**ABOUT THIS TASK**
Retype word for word the stretch of entries below from the line that has "Pedagogista Novara: ottimo" through the line that has "3 Bedroom Detached", and omit the pictures.

**DATASET EXTRACT**
□ □ □ □ □ □ □

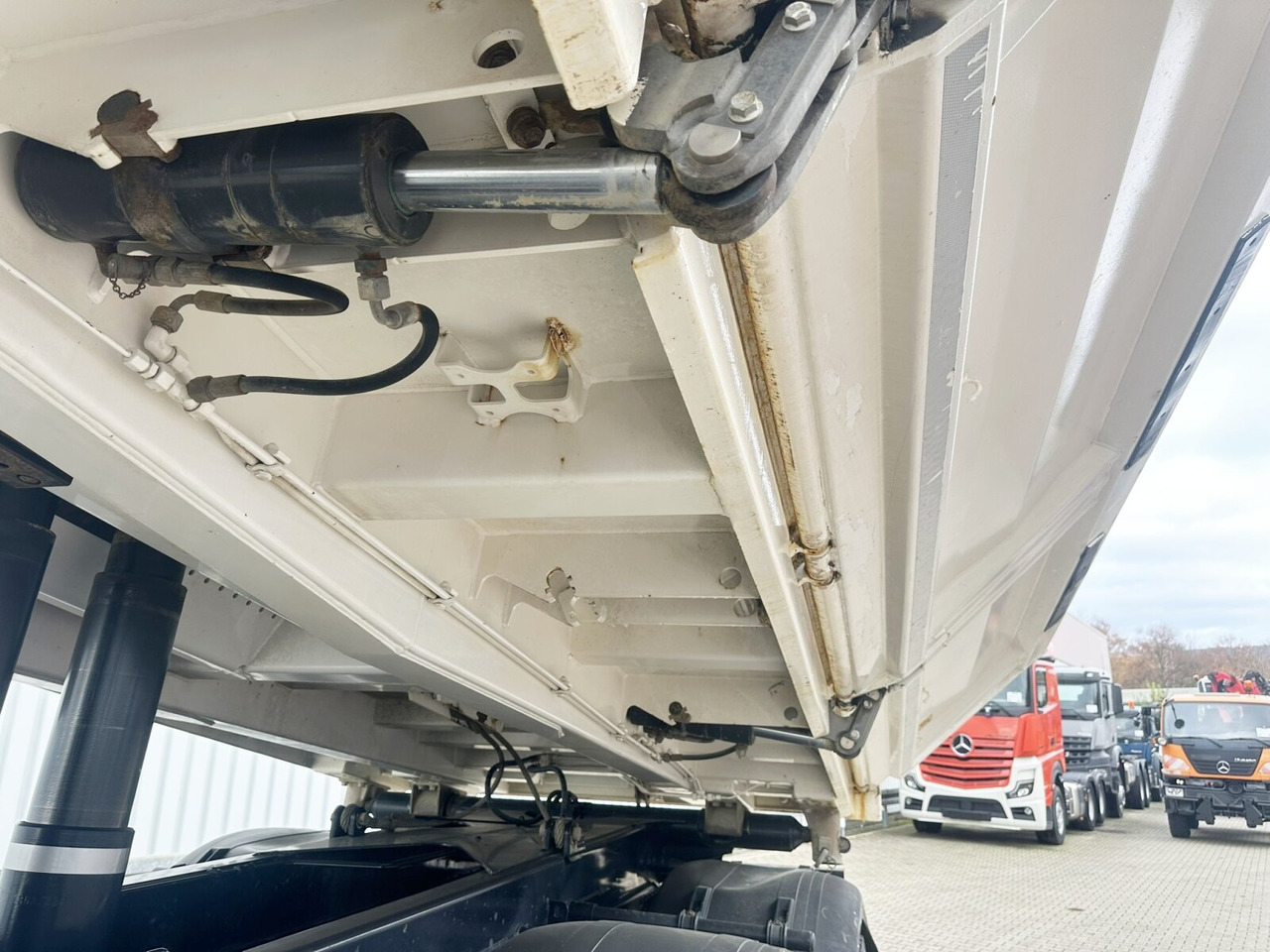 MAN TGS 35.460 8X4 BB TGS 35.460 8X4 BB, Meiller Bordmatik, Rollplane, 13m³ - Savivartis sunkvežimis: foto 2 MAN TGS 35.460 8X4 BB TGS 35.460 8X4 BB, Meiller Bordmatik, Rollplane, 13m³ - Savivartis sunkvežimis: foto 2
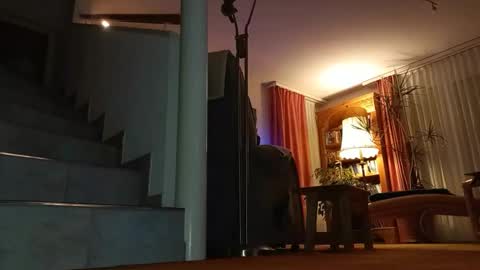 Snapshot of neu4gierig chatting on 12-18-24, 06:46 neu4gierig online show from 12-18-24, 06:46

□ □ □ □ □ □ □

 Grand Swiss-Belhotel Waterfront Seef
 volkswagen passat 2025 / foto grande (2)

□ □ □ □ □ □ □

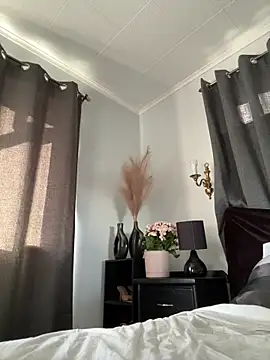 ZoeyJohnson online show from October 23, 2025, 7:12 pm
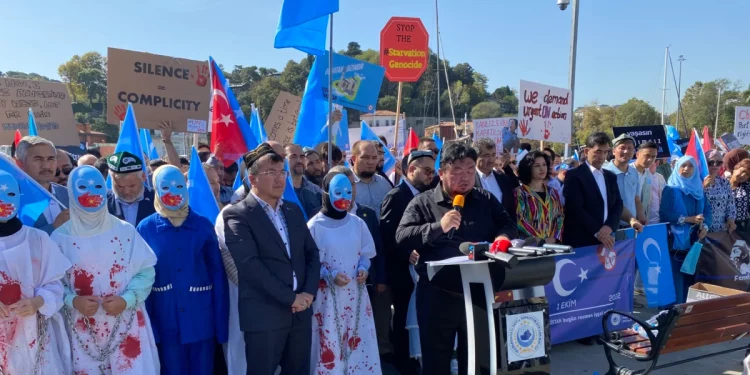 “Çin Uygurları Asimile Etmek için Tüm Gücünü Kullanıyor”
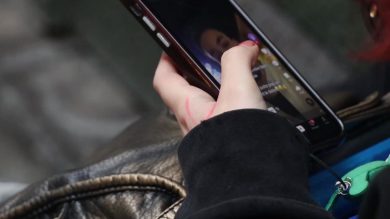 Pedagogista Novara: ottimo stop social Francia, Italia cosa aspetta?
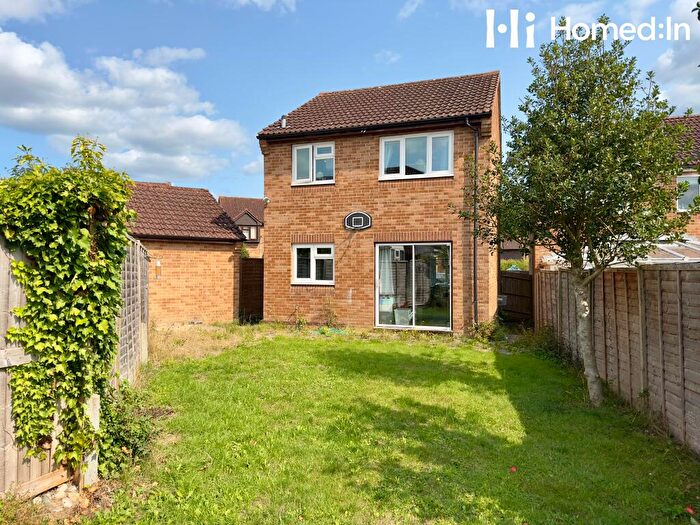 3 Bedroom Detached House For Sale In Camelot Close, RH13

□ □ □ □ □ □ □

**WRITTEN SOLUTION**
 Pedagogista Novara: ottimo stop social Francia, Italia cosa aspetta?
 3 Bedroom Detached House For Sale In Camelot Close, RH13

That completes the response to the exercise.